Given information:

----

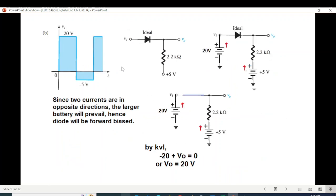Now Part B of question 34. Using the same technique with a battery of 20V and also replacing the 5V source with a battery of 5V. The two currents are opposing, so we take the larger 20V battery as predominant. The positive terminal of the 20V battery is touching the positive of the diode, so the diode is forward biased — we draw a straight line since it is an ideal diode. Writing KVL for the outer loop: minus 20 plus V-out equals 0, therefore V-out equals 20V. We could solve through the inner loop but we get the same answer.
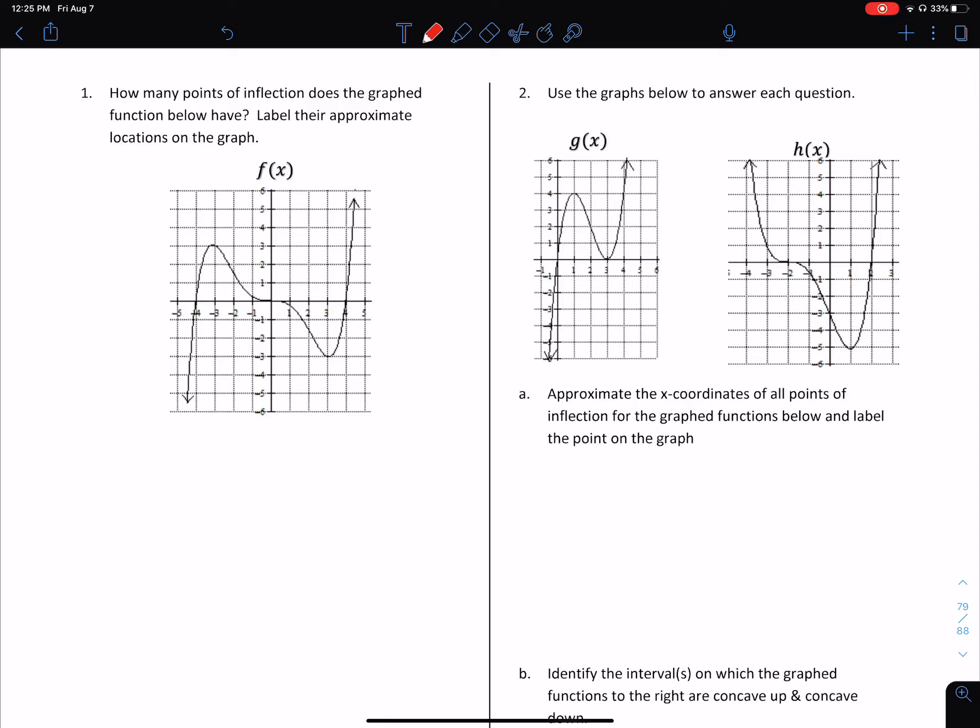Pre-AP Pre-calculus — what's the second part of Notes 3.5? We are focusing on points of inflection right now on these examples. How many points of inflection does the graph function below have? Label their approximate locations on the graph.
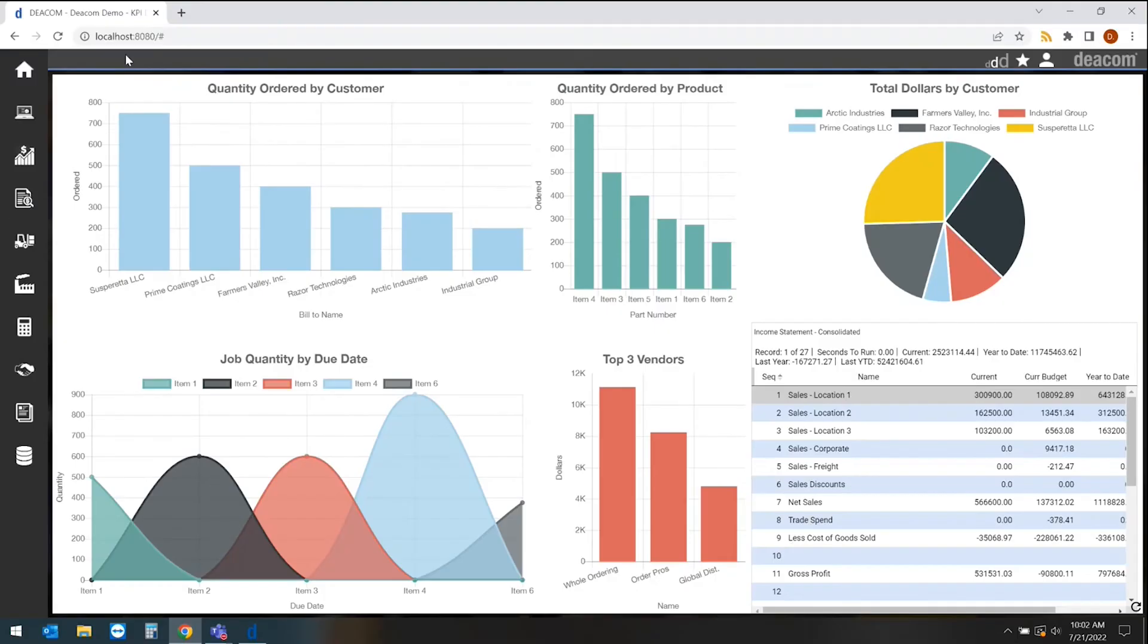Reporting is a big deal for all of our customers using the DCOM software. The nice thing about DCOM is we have built-in reporting that is very user-friendly.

----

Assignment: Repeat all of the listing above word for word, and exclude the pictures.

Response to the exercise:
Now Part B of question 34. Using the same technique with a battery of 20V and also replacing the 5V source with a battery of 5V. The two currents are opposing, so we take the larger 20V battery as predominant. The positive terminal of the 20V battery is touching the positive of the diode, so the diode is forward biased — we draw a straight line since it is an ideal diode. Writing KVL for the outer loop: minus 20 plus V-out equals 0, therefore V-out equals 20V. We could solve through the inner loop but we get the same answer.
Pre-AP Pre-calculus — what's the second part of Notes 3.5? We are focusing on points of inflection right now on these examples. How many points of inflection does the graph function below have? Label their approximate locations on the graph.
Reporting is a big deal for all of our customers using the DCOM software. The nice thing about DCOM is we have built-in reporting that is very user-friendly.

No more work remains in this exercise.